— What you will do —
Return the lines below that contain "Mobile".

— Records supplied —
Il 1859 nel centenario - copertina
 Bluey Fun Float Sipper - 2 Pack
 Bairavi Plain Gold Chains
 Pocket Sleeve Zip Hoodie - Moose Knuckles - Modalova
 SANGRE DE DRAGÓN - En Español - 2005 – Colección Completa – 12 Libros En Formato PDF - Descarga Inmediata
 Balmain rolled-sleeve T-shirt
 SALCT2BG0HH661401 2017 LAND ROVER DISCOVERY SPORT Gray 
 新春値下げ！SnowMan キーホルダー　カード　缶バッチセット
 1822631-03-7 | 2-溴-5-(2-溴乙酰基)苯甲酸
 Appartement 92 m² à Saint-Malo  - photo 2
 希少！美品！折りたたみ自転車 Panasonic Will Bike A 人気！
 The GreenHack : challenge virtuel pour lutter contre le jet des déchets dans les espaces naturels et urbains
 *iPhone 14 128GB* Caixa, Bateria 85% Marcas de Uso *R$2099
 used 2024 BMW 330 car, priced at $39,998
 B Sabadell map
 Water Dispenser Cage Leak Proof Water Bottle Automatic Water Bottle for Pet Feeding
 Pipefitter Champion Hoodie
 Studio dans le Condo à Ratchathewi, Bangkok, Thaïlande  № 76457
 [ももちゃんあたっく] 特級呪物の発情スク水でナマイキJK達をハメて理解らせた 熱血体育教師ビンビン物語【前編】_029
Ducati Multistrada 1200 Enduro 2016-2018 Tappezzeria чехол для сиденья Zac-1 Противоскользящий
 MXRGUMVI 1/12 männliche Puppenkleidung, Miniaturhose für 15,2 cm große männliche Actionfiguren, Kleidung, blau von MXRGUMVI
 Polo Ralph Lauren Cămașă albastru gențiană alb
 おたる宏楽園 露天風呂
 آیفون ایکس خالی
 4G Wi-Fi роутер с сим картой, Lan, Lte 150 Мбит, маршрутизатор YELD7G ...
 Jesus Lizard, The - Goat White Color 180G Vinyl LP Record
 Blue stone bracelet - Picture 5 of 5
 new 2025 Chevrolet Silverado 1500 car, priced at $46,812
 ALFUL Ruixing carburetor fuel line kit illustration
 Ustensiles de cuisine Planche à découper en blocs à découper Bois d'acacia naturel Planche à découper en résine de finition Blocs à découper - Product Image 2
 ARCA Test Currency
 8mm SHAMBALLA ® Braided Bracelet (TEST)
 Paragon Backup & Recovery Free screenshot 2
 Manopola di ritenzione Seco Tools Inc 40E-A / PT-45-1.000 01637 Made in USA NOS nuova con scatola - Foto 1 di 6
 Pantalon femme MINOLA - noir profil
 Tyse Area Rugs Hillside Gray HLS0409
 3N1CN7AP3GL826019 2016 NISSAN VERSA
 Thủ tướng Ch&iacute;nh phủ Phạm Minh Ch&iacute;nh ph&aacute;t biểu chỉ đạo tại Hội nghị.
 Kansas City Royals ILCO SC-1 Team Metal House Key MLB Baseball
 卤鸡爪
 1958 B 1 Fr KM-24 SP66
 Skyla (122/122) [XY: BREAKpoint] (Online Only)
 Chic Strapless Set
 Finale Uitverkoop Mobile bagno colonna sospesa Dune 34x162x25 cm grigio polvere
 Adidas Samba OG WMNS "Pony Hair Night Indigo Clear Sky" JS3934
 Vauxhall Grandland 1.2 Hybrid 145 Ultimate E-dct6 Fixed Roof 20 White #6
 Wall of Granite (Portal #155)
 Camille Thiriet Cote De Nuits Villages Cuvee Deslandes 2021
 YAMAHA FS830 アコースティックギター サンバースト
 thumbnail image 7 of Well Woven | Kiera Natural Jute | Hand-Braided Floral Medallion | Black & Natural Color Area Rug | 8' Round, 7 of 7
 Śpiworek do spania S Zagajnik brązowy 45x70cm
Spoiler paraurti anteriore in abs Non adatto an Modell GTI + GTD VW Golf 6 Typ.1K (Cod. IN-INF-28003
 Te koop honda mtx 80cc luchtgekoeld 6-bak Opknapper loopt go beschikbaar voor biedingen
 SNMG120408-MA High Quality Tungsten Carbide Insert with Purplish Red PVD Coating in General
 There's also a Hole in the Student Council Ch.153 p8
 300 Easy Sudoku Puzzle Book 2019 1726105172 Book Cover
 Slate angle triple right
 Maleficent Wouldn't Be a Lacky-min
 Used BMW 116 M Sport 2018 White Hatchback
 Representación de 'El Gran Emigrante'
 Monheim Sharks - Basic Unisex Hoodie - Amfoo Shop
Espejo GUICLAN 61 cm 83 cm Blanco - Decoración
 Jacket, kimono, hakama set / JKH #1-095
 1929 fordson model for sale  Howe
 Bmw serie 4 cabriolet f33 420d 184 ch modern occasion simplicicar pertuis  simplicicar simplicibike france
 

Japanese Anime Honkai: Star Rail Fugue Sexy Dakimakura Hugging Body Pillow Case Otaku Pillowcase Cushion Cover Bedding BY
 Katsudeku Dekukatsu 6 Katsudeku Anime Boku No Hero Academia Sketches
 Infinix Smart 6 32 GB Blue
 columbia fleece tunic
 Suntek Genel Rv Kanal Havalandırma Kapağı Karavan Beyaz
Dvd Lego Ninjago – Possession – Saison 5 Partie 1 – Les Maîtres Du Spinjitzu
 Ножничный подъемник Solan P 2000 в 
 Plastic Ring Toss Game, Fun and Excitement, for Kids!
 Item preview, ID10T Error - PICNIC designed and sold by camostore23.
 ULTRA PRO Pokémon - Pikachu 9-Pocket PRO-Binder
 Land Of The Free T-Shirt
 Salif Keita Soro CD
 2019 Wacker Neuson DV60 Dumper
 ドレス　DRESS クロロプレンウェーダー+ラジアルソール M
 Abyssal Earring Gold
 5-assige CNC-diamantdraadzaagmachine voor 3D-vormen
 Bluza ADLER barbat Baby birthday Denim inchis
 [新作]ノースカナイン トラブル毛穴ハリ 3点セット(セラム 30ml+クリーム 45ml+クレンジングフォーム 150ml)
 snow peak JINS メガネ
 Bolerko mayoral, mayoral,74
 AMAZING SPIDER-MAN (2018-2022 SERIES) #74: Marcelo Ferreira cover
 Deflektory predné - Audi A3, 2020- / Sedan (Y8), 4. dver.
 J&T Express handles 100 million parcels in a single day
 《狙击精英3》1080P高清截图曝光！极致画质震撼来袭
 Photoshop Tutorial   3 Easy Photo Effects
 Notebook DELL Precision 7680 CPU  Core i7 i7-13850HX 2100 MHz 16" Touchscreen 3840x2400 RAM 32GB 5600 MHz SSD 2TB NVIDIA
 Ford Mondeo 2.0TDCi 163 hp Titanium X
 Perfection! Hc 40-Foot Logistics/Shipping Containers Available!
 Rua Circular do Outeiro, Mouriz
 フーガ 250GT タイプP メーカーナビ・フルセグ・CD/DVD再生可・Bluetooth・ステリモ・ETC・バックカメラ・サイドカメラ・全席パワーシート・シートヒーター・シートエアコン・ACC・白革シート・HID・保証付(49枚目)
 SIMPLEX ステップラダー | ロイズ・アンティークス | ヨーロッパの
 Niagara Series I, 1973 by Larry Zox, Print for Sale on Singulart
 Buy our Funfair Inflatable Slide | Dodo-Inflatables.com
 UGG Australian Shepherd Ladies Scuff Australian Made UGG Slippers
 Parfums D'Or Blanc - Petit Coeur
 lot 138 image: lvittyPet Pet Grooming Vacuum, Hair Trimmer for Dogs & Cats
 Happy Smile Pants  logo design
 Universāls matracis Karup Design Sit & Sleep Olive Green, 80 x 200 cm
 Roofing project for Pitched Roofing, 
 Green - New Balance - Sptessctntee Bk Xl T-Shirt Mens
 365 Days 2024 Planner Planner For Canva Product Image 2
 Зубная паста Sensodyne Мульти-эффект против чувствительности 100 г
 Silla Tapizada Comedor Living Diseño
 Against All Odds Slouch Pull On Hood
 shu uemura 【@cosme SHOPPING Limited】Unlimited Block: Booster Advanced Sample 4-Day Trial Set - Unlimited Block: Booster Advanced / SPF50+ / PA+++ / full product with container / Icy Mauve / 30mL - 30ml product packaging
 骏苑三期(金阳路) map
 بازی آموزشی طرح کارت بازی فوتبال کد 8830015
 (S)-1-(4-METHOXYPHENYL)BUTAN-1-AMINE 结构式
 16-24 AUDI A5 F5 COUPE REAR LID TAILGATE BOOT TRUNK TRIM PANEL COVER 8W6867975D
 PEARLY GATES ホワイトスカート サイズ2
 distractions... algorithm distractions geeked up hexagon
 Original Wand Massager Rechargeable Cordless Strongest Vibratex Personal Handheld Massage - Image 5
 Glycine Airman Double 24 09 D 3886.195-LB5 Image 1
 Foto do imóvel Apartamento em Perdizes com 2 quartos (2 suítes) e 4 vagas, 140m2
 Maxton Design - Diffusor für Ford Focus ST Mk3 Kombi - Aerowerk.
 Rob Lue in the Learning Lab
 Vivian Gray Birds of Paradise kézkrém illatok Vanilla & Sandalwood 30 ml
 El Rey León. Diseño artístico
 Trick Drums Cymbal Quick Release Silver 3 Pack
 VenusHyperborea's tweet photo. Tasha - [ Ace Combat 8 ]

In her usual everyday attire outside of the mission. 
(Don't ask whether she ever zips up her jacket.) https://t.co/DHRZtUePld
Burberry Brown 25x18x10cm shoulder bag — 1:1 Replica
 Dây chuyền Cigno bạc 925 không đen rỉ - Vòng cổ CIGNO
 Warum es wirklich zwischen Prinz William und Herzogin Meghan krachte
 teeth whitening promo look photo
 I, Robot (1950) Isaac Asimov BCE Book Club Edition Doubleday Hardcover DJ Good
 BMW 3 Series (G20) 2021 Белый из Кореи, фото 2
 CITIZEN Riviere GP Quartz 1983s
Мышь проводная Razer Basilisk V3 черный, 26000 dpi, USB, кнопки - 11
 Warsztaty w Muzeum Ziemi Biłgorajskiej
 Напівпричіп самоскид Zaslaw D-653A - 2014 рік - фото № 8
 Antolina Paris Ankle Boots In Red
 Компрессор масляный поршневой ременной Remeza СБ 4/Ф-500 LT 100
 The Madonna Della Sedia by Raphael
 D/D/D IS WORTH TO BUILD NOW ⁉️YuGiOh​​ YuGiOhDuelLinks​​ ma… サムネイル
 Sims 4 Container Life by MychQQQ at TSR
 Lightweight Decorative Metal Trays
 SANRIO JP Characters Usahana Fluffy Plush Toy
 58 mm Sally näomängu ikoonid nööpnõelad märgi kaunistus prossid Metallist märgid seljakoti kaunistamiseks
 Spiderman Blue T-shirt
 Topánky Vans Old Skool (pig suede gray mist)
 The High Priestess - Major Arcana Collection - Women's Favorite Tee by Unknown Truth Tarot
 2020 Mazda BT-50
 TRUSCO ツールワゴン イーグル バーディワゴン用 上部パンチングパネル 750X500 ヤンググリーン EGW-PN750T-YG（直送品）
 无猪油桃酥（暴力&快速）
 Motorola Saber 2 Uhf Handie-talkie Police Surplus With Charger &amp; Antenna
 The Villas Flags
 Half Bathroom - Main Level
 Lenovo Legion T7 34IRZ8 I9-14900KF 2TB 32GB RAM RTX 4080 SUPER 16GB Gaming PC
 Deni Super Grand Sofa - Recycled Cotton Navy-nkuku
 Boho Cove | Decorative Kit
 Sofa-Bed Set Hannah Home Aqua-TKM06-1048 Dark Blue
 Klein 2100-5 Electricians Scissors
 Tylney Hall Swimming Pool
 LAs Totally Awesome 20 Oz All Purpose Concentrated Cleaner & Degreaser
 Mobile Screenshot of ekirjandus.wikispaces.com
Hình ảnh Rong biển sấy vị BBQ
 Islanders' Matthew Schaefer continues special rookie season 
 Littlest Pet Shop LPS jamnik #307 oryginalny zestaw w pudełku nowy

— Task output —
 Finale Uitverkoop Mobile bagno colonna sospesa Dune 34x162x25 cm grigio polvere
 Mobile Screenshot of ekirjandus.wikispaces.com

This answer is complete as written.